Intrinsic over extrinsic — impact, not just credits. Points and credits (G-037) are extrinsic and can crowd out the intrinsic motivation that makes contribution durable (the overjustification effect). The primary mechanic is the impact echo — showing a contributor that their one confirmation cascaded ("now powers 14 pages / appeared in an answer-engine citation"), a move only the graph model can make. Mastery, autonomy, purpose, and recognition (G-051) lead; credits support.
Nothing ships on intuition — the A/B harness decides. OLN already runs Amplitude Experiment (via @amplitude/unified). Every gamification component ships behind a flag as a variant, and is kept only if it proves out paired with a data-quality guardrail metric (revert rate, contradiction rate, consensus disagreement) on a long horizon — not a day-one engagement spike.

Reasoning

The reframe that makes this safe is that gamifying a truth substrate is the inverse of gamifying a streak app: the obvious mechanic (reward output) destroys the asset. Constraining rewards to accuracy and resolution turns gamification from a risk to the moat into the engine that builds it.

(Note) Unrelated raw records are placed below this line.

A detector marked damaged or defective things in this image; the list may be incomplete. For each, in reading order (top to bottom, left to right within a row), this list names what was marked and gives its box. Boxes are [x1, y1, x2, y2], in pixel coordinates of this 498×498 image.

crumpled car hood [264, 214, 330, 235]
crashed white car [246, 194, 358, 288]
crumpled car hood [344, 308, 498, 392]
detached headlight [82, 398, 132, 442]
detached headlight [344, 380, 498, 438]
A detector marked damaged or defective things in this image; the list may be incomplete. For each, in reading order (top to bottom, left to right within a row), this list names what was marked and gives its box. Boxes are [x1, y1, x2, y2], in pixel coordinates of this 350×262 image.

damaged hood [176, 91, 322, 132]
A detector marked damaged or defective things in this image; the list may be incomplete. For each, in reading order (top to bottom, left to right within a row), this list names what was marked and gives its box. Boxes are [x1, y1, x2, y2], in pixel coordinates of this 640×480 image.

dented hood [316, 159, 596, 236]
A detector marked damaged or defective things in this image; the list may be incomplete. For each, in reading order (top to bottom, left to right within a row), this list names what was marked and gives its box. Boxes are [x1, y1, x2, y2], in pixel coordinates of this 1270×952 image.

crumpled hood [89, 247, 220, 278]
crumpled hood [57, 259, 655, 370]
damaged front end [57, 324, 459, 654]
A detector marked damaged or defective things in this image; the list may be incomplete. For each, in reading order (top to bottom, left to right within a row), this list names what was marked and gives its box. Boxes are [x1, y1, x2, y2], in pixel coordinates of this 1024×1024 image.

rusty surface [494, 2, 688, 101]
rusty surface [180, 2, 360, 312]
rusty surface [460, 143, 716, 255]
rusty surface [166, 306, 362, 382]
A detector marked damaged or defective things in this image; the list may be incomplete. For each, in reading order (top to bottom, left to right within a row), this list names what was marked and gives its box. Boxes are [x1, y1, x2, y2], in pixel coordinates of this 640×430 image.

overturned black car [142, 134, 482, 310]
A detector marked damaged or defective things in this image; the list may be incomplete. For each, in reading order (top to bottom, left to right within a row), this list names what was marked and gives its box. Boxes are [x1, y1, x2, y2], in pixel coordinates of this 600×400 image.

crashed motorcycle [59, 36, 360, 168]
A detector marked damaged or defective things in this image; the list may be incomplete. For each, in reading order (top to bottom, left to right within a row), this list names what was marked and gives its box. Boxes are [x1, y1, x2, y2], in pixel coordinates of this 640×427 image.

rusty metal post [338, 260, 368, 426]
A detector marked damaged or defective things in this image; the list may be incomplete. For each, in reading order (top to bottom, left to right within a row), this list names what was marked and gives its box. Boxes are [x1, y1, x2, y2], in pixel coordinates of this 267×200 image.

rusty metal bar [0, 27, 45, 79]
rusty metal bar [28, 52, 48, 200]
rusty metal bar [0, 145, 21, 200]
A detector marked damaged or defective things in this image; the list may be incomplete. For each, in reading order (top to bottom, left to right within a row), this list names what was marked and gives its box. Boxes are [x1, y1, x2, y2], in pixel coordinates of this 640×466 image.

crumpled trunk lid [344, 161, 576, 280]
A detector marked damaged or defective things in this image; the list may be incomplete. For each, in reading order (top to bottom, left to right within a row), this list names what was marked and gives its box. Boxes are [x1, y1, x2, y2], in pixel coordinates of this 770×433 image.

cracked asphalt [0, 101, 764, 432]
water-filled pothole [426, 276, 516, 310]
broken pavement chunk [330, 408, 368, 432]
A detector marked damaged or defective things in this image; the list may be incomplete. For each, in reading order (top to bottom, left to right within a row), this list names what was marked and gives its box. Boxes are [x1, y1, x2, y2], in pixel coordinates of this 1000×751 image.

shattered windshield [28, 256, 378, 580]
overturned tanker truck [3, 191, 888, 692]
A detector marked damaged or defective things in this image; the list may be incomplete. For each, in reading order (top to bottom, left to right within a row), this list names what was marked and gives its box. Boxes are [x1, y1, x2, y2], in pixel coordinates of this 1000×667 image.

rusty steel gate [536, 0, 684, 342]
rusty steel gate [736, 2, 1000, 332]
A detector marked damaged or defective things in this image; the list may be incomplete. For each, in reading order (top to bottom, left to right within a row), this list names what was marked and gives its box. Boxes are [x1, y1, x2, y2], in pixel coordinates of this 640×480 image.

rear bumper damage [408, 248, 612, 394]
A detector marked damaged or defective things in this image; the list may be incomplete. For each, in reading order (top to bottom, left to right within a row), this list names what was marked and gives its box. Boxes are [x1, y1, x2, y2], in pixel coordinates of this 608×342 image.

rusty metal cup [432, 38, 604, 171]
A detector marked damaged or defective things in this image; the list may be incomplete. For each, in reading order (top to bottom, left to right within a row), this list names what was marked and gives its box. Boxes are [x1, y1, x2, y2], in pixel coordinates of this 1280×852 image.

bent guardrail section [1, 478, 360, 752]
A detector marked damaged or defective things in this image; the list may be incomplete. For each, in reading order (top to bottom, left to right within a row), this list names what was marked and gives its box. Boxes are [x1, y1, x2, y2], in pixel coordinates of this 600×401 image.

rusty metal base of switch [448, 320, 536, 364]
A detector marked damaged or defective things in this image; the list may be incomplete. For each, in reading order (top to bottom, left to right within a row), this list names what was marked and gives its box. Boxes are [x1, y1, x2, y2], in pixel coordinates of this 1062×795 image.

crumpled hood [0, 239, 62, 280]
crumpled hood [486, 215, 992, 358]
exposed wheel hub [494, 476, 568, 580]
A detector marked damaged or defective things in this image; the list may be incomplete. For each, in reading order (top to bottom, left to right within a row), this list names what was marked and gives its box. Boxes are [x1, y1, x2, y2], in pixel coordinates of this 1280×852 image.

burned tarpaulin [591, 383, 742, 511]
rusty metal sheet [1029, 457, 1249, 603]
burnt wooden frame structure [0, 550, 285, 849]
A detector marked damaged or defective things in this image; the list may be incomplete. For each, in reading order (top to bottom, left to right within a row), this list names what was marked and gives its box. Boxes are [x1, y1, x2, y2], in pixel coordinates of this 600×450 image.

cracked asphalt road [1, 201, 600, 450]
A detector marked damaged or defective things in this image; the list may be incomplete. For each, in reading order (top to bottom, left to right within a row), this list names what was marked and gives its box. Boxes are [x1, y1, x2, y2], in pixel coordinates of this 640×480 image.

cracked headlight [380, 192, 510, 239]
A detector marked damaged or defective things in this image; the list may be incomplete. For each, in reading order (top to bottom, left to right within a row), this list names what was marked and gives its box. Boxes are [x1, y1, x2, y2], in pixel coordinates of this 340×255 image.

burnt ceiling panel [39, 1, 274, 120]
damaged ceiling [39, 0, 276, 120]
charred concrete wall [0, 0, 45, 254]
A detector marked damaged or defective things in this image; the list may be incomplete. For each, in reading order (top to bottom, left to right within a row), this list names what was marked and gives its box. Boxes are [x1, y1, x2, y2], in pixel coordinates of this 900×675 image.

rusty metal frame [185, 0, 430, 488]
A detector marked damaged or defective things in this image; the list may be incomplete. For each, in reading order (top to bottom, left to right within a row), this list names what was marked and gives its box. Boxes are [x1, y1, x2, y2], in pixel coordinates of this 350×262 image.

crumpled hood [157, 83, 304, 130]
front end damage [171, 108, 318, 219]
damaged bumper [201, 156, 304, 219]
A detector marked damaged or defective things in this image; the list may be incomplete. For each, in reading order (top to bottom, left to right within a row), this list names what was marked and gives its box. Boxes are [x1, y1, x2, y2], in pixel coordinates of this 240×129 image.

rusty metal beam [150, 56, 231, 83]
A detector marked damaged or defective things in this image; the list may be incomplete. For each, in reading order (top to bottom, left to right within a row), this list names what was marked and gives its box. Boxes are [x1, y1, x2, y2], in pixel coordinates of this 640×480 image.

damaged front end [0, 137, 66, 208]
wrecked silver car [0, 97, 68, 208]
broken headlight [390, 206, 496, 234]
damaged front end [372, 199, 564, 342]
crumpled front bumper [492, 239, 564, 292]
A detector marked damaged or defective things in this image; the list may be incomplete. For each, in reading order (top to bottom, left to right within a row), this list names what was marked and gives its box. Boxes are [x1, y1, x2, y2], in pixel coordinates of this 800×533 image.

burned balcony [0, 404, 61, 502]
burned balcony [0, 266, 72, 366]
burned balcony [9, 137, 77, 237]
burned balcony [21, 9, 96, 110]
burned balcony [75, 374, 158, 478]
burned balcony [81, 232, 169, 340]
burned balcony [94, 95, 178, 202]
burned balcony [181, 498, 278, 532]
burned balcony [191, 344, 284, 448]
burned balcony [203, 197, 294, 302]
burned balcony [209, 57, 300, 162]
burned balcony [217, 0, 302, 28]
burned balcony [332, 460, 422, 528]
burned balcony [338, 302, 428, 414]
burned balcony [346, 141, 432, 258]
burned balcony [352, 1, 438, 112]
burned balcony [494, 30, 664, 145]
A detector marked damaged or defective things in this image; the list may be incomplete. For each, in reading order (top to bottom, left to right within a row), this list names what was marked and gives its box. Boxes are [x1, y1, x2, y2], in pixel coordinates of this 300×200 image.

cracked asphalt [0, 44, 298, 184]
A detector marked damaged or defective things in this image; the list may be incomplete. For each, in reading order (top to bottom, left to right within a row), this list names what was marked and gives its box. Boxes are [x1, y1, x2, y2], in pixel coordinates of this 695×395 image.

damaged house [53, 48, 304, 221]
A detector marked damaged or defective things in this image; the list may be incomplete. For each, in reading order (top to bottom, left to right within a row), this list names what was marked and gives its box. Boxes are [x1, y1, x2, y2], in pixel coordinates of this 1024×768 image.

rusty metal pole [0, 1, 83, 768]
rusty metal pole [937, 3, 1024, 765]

The A/B system is what makes "make it fun" a tractable claim rather than a hope — but only with discipline. A variant that triples confirmations while doubling the later-correction rate is a loss the harness must be able to see, which means the guardrail (quality) events are as first-class as the engagement events. And because gamification spikes on novelty and the overjustification damage surfaces late, the readout horizon is 30–60 days with a holdout — including a pure- intrinsic arm to test whether points help or quietly hurt retention.

Open threads

Gamified contribution & the experiment program (G-059) — the component menu to test, the quality-guardrail event taxonomy, the consensus / anti-Goodhart confirmation design, and the measurement methodology (horizon, holdout, crowd-out arm).